Hace unos meses Tumbona Ediciones hizo una venta que resultó en un plan perfecto de sábado por la tarde: en la compra de libros regalaban chelas, mezcales y tacos. El paraíso. Me hice de varios ejemplares y le cumplí a mi gastritis.
(Invité, por cierto, a un par de amigos extranjeros que conocí en Nueva York y que ahora también viven en el D.F. Compraron uno que otro libro de la colección Versus, probaron los tacos de canasta y ya medio borrachos confesaron que habían entendido que todo aquello se trataría de una venta de tumbonas.)
Después de aquella tarde, cualquier feria de libro, grande o pequeña, institucional o independiente, vendimia de textos en general, me parece aburrida. No solo la forma de amortiguar, compensar, si se quiere, la típica transacción de libro por dinero era diferente, social y no silenciosa, también los objetos a la venta eran diferentes.
Compré una curiosidad roja y delgada: Óptica sanguínea de Daniela Borjórquez.
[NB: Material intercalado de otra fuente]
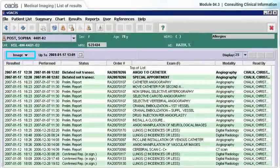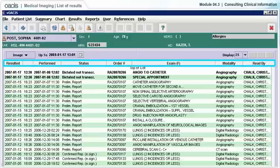The medical imaging results list allows you to access different test results for the selected patient. To learn more about the content of each column, go over them slowly with your cursor.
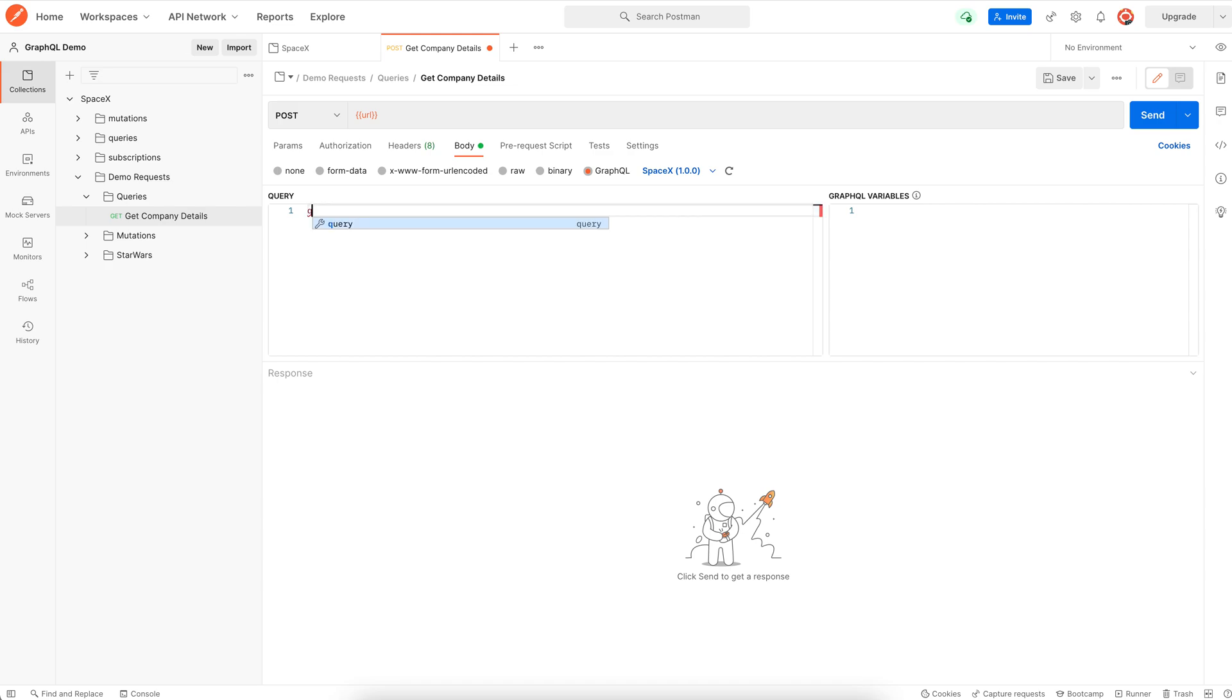We start with the keyword query. We can also give an operation name. Both the keyword and the operation name are optional, but it is recommended to use operation name for easier logging and debugging.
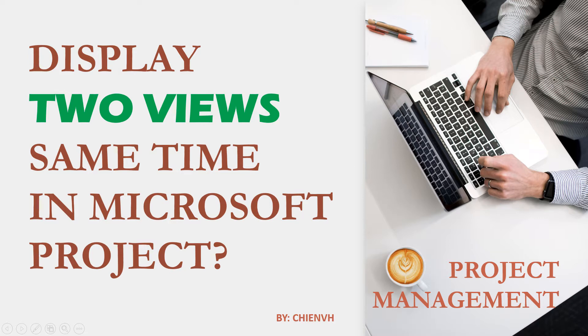Hi, in this video today I would like to show you how to display two views at the same time in Microsoft Project.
Es un ligero volumen de cuentos que resultó una grata sorpresa. Los relatos parecen ser personales, a ratos diarios, a ratos instrucciones para el viajero, que fungen a su vez como breves recordatorios para la vida diaria; un guiño a Lydia Davis, quizá.
Es una escritura inteligente e irónica, sin pretensiones. De pronto entramos, con gusto, en el flujo de conciencia de alguien a quien casi todo le sale mal. Y es tal vez cierta resignación a la neurosis o la cercanía con la locura que enfrentan los narradores lo que me atrae de este libro. También que incluye un cuento entero desenfocado, otro que tiene anotadas a mano las correcciones; otro, por ejemplo, está compuesto con fotografías ausentes y otro con fotografías cuyos títulos suponen una asociación de ideas que desarma al lector. Un libro de relatos que son a su manera manifiestos caprichosos y a la vez seductores sobre la escritura y, carajo, sobre lo que es una historia.